Any legal entity carrying on a Relevant Activity and which fails to comply with the ES Test is subject to penalty, strike off, or both. The Code describes a three-stage approach to enforcement whereby upon the initial determination that a legal entity is non-compliant, the ITA will issue a notice and indicate steps to attain compliance, accompanied by a minimum USD5,000 fine. Failure to attain compliance in subsequent years will meet an escalating fine of up to USD200,000 (or USD400,000 in the case of intellectual property business). Striking off the legal entity will be the ultimate recourse.
The ES Act and the Code rely on a self-reporting regime, pursuant to which registered agents are required to take steps to collect the economic substance information from clients, and clients are required to provide the information. For the majority of clients, the first report will be due within six months of 30 June 2020, however in anticipation of many queries, Marbury will contact clients well in advance of the first reporting deadline.

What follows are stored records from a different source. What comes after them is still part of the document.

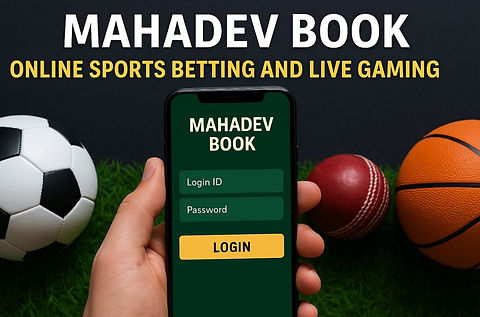 mahadev books (1).jpg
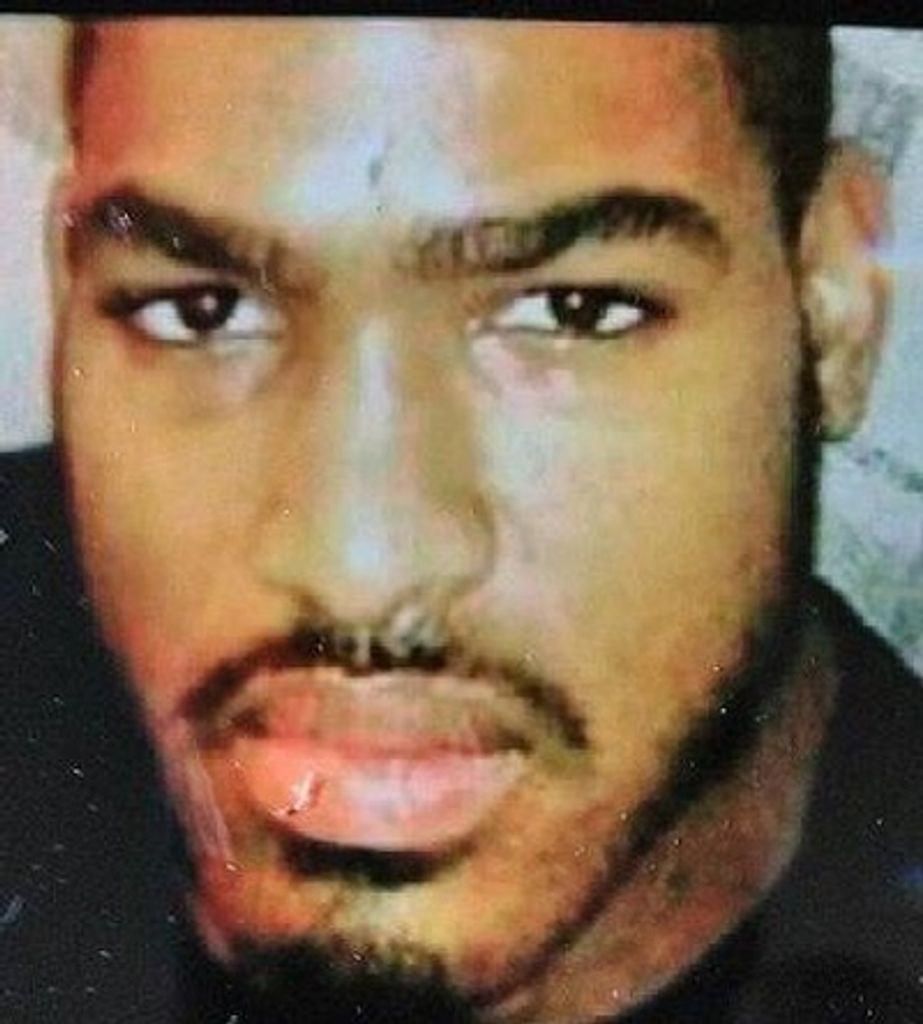 William J. Brimage Iii Profile Photo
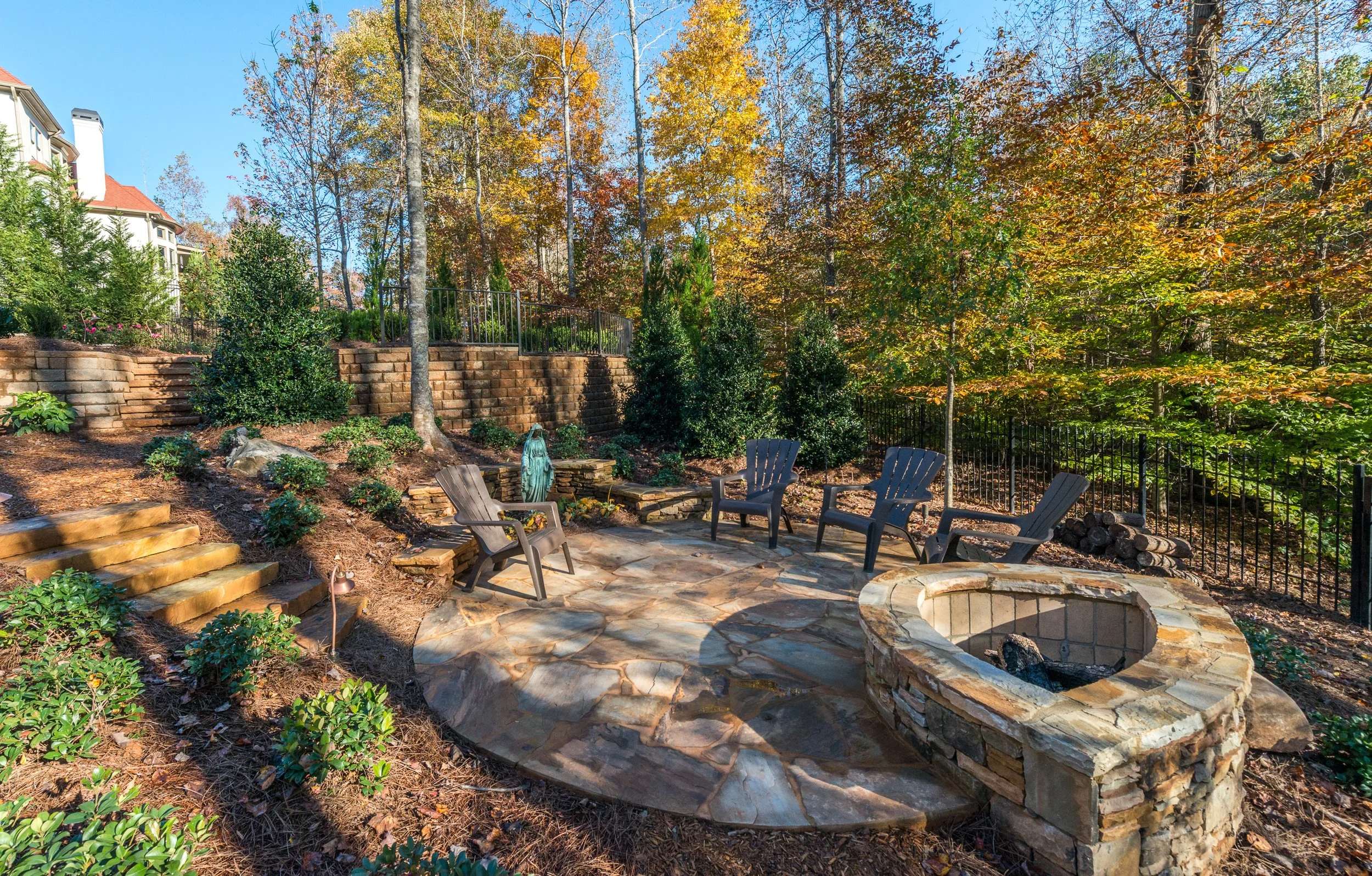 2955 Creek Tree Lane-16.jpg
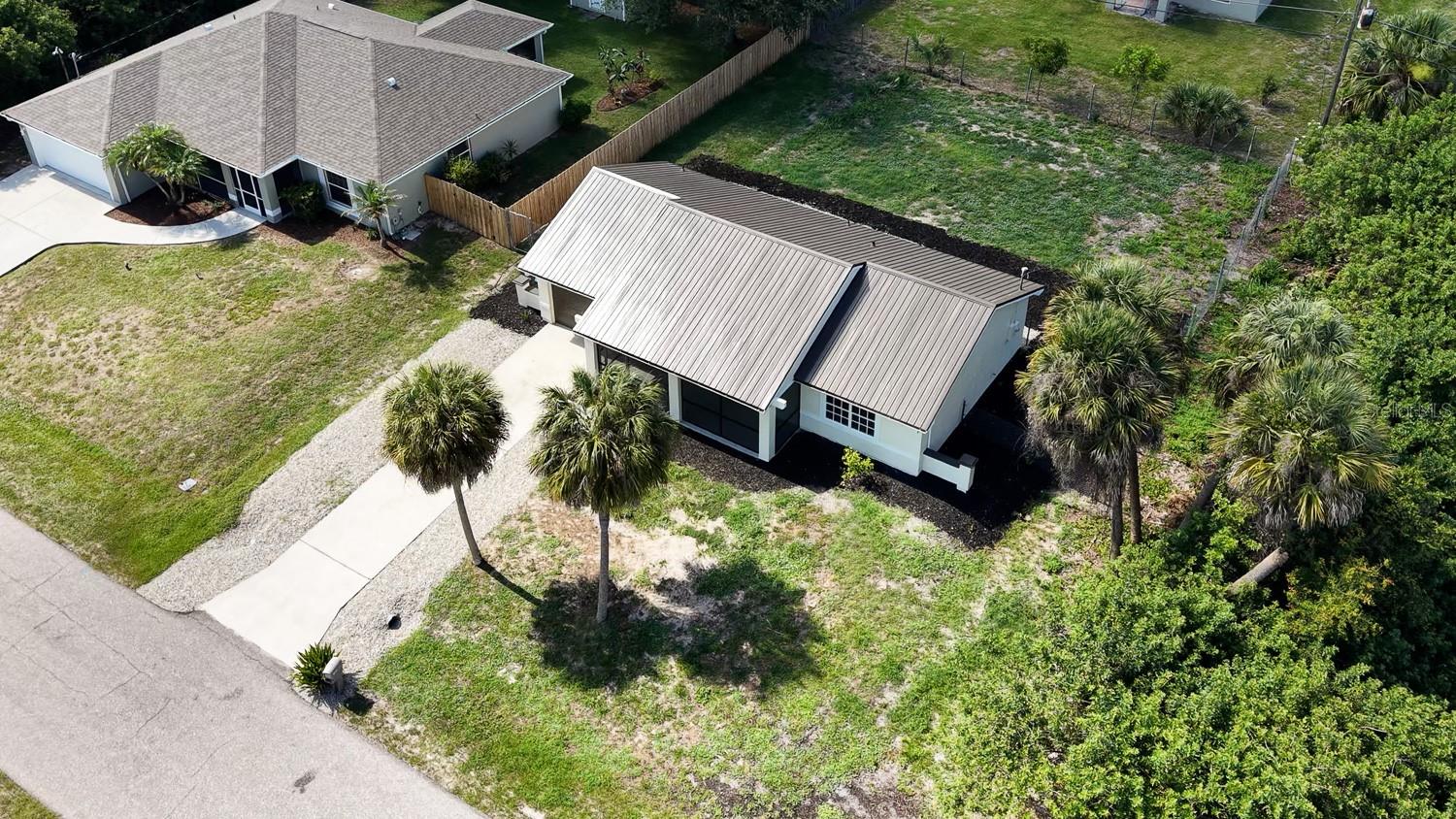18083 REGAN AVE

In the meantime, Marbury would advise that all companies and limited partnerships undergo a review in order to determine whether they are or wish to be deemed as relevant legal entities, and if so, whether they conduct Relevant Activities. From there, relevant entities are advised to take the necessary steps to ensure compliance. We will keep our clients updated as further guidance and clarifications are issued.
For further information on any aspect of this guide please contact your usual Marbury adviser.
This guide provides an overview of economic substance in the British Virgin Islands and should not be read as legal advice. For more information, please contact Marbury. A copy of the draft Economic Substance Code is available here.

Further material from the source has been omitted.